Abstract

To ensure the cyber security of an enterprise, a SIEM (Security Information and Event Management) system is in place to flag alerts and assign each of them a severity score based on some pre-determined rules. Analysts in the security operations center investigate the high severity alerts to decide if those alerts are truly malicious or not. However, generally the number of alerts is overwhelmingly large, far exceeding the SOC's capacity to handle them, and the majority of them are false positive. There is a great need for a machine learning system to accurately detect the risky hosts. Traditional supervised learning algorithms cannot be directly applied to this problem as very few risky hosts (positive labels) are identified and the positive labels are biased because the SOC analysts only investigate high severity alerts.
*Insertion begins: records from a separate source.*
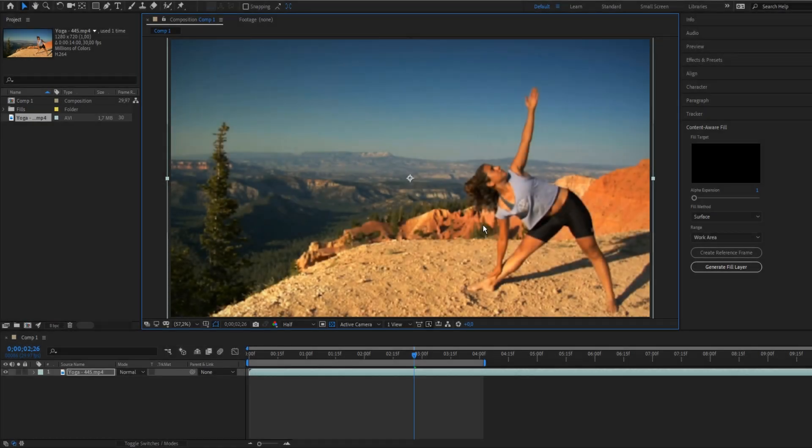Hey guys, it's CaseyFanCaseDirector and in this tutorial I want to show you the new feature of After Effects, content-aware fill.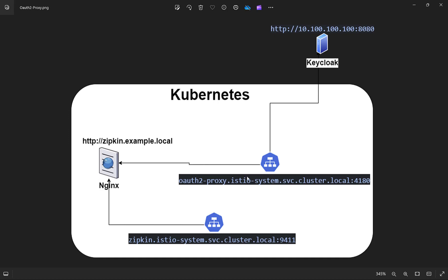When traffic comes to OIDC proxy from Nginx, it will redirect to Keycloak. In case of valid username and password, it will come back to Nginx and Nginx will redirect traffic to the Zipkin service, which works inside Istio system namespace too.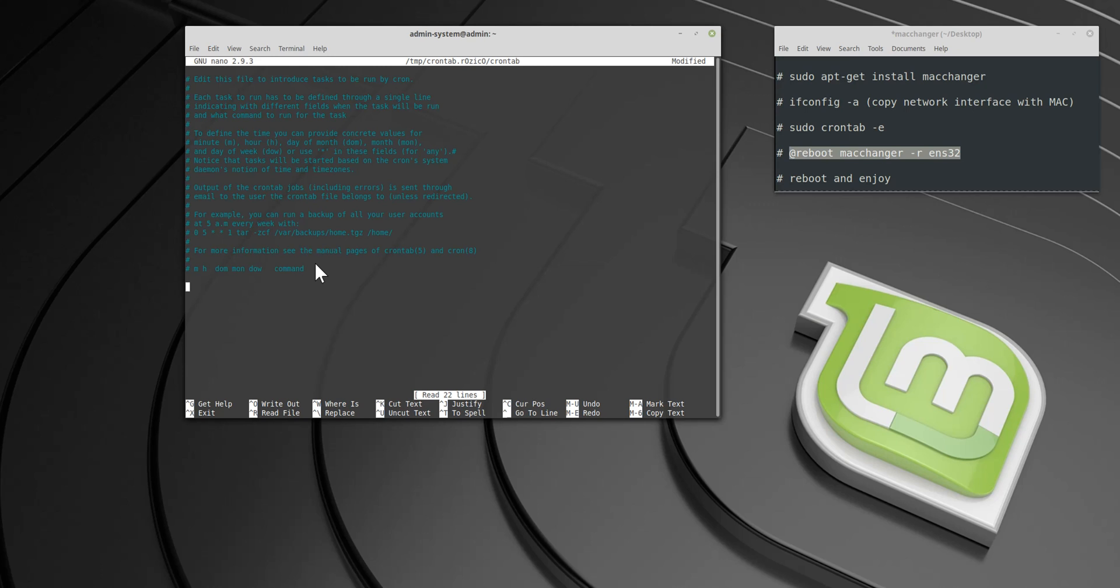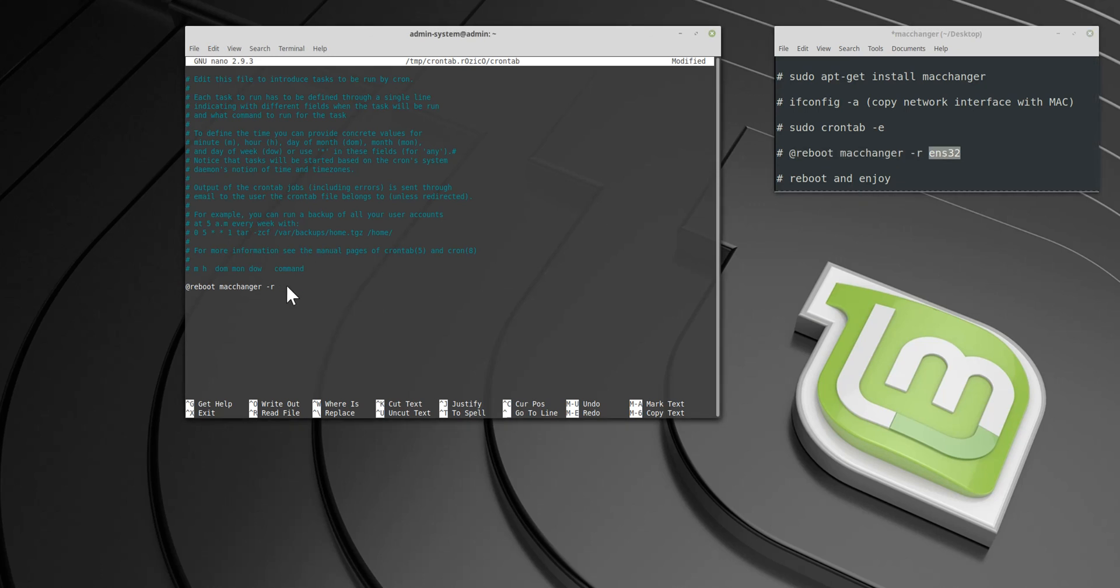Now rewrite this command at the end of the document. Don't forget the name of your network interface.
In this paper, we propose a new distance-based PU learning approach, in which we use four different distances to measure similarity to the positive labels and a Gaussian Copula function to capture their correlation structure and ensemble four different distance measures into one joint probability density that we can directly use to infer new labels. The new approach has the advantage of significantly reducing the bias of the inferred labels while traditional supervised PU learning increases bias. To quantify bias, we also propose a new bias estimate method. We apply the new bias-reduction Positive Unlabeled (PU) learning system to detect host risk in cyber security. Results on real enterprise data indicate that the proposed PU learning is able to detect risky hosts effectively while at the same time greatly reducing the label bias. t-SNE 2-dimensional visualization also demonstrates that the labels from distance-based PU learning are more evenly distributed with higher Kozachenko-Leonenko entropy.